Oct 13, 2015 | Uncategorized

Recently there were ‘opposing’ soapboxes on the Coloradoan’s editorial page about the impact of the positive rankings Fort Collins regularly receives. One soapbox was a positive, aspirational piece by City Manager Darin Atteberry. He basically was saying that the external recognition is validation of a community doing things right. Atteberry cited Time Magazine naming Fort Collins as America’s Most Satisfied City after a Gallup poll showed that 94.9% of residents are satisfied with the community.

Countering this perspective was a community no-growth activist that I’ll simply call “G”. He moved his family here decades ago from Iowa. G and his wife made a great living working for corporations before being able to retire young. Before, but especially since, they retired, they frequently rail against people moving here and against evil corporations. Pretty rich, huh!?

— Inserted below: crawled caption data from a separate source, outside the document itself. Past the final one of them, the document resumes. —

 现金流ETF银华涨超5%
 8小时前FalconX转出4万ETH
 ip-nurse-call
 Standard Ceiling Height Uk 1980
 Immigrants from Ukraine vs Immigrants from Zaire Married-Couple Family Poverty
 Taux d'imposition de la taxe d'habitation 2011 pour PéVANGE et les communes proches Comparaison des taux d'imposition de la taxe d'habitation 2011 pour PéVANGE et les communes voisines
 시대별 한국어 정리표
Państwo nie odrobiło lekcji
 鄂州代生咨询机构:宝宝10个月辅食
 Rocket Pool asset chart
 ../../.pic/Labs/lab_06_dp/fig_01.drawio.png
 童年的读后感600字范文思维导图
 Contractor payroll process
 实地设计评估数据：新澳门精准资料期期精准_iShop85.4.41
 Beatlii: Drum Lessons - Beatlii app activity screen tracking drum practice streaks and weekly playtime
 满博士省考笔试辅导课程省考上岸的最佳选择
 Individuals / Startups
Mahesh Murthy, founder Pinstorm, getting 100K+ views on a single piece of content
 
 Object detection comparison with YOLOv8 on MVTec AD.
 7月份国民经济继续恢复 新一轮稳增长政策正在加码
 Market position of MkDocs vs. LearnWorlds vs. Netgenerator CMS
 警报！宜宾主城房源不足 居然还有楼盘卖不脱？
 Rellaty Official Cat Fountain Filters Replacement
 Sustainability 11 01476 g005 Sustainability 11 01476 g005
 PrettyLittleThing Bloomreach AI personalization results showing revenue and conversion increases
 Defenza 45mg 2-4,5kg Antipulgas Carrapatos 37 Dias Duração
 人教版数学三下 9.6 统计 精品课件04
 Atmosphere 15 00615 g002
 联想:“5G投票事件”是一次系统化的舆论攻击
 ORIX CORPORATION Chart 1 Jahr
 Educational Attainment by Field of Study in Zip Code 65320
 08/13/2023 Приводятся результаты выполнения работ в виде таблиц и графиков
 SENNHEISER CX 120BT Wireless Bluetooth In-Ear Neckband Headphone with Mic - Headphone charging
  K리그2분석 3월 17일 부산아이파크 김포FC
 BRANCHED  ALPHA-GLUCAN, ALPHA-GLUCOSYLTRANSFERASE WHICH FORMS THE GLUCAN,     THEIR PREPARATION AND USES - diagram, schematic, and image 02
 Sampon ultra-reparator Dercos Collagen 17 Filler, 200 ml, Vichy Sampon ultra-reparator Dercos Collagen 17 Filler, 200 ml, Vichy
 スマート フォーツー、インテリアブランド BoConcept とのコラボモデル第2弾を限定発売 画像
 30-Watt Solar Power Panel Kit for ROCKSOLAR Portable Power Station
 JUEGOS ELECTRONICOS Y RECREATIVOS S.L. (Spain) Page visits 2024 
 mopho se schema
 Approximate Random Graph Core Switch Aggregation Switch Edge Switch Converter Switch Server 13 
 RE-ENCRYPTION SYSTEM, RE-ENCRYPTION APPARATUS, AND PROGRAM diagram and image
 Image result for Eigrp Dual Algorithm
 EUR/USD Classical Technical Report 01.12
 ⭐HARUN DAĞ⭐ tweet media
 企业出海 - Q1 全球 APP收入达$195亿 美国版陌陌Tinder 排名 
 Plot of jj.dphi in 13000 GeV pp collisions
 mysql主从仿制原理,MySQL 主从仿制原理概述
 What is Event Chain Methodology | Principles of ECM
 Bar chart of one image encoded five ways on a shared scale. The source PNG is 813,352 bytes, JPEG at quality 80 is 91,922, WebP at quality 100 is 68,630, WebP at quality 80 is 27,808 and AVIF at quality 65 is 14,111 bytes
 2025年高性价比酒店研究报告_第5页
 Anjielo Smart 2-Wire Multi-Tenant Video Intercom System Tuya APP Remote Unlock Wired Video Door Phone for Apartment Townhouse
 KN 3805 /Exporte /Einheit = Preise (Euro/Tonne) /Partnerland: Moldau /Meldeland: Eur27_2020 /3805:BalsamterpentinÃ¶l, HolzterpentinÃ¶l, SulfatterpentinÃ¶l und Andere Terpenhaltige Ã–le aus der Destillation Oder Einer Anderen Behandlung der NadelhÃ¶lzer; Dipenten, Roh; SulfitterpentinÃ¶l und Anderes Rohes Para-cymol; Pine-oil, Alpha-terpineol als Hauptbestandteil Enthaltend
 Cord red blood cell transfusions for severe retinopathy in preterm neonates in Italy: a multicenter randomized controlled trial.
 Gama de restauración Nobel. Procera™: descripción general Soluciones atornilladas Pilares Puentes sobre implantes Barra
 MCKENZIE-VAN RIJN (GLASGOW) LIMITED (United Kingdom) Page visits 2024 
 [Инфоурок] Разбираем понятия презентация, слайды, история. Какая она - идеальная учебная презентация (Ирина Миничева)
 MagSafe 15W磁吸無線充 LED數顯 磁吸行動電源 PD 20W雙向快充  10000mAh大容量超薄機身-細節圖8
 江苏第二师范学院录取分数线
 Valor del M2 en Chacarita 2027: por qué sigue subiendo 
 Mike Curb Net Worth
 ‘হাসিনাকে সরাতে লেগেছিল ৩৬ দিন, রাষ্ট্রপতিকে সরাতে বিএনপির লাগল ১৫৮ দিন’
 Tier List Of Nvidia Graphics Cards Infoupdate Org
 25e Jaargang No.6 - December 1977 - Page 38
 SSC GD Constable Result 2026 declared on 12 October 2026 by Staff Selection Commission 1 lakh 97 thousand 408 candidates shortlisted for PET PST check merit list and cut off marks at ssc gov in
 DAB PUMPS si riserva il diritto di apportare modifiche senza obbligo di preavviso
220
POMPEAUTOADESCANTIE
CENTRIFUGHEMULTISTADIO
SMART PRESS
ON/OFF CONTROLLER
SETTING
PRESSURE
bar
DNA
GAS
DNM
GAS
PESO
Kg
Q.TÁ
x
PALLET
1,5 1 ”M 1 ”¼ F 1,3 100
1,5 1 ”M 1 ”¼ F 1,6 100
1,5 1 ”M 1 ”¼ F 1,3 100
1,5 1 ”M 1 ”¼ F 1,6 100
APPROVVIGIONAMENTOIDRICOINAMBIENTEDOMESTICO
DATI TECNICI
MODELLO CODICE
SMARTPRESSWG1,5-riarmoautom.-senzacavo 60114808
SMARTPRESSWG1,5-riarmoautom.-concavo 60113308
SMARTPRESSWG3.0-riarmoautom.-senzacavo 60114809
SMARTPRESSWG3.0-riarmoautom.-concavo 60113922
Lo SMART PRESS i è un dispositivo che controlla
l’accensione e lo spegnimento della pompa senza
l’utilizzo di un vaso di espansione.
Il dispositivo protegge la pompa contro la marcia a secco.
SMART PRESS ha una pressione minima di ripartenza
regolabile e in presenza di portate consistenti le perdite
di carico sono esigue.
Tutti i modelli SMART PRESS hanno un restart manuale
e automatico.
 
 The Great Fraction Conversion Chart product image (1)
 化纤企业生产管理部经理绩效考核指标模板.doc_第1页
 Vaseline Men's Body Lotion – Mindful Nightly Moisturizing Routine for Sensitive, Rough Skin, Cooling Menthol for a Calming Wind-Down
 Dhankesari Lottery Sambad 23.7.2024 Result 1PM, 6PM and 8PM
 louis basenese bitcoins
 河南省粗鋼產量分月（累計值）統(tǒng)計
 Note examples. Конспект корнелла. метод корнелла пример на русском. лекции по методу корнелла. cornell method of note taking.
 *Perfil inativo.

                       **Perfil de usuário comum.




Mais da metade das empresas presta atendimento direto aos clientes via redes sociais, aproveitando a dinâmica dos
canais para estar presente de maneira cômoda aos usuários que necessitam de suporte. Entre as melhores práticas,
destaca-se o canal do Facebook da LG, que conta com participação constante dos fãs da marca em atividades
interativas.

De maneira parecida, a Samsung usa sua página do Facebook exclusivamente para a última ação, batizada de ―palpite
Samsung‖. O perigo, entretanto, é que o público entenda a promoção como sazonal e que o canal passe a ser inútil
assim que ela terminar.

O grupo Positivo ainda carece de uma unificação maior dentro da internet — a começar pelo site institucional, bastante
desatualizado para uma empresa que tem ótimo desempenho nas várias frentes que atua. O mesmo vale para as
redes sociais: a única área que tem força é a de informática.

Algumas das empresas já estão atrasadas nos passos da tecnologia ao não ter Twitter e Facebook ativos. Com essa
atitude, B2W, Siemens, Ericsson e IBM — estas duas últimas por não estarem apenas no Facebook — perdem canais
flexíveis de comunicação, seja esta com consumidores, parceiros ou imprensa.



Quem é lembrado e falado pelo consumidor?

This is a philosophy stuck solidly in 1980s Fort Collins. While some of the no-growth activists are from here, most are transplants from pig-dappled lands like Iowa. Their verbiage has barely changed: growth machine, growth promoters, and profiteers are threadbare phrases. At least they’ve added the slur ‘corporate welfare’ in recent years!

Another relatively new term G uses is ‘steady-state economy.’ This state of nirvana exists nowhere on earth. It basically describes a closed economic system with no population growth and the same amount of money flowing through the local economy. While a convenient tool for arguing against economic and population growth, it has no basis in reality. It does not and cannot exist outside of text books on economic theory.

The reason I’m commenting on this is because G contends that the “local growth promoters and profiteers” are hell-bent “to sacrifice our community’s character.”

I have a different perspective. G and his acolytes have spent years railing against business while focusing in on making Fort Collins a nice place with good parks, open space, bike lanes, trails, etc. By doing so, they have added quality of life amenities that – wait for it – attract people.

Now he is calling for “an open, honest community discussion to determine what the ‘right size’ is for Fort Collins.”

Okay. Here’s a start: G, you and your friends have encouraged this population growth over the years, though unintentionally. What are you doing to help make sure that streets are properly sized to accommodate the growth? What are you doing to make sure there is adequate police and fire protection for a larger community? What are you doing to ensure good public schools with adequate facilities? What are you doing to make sure the business community and economy are strong to generate the tax base necessary to pay for the quality of life amenities you want?

Empty platitudes do not a plan make. Put specific proposals and solutions on the table, G. No amount of railing will stop people from moving here. We need leaders who put effort into seeing that growth is accommodated correctly instead to wasting time trying to stop it.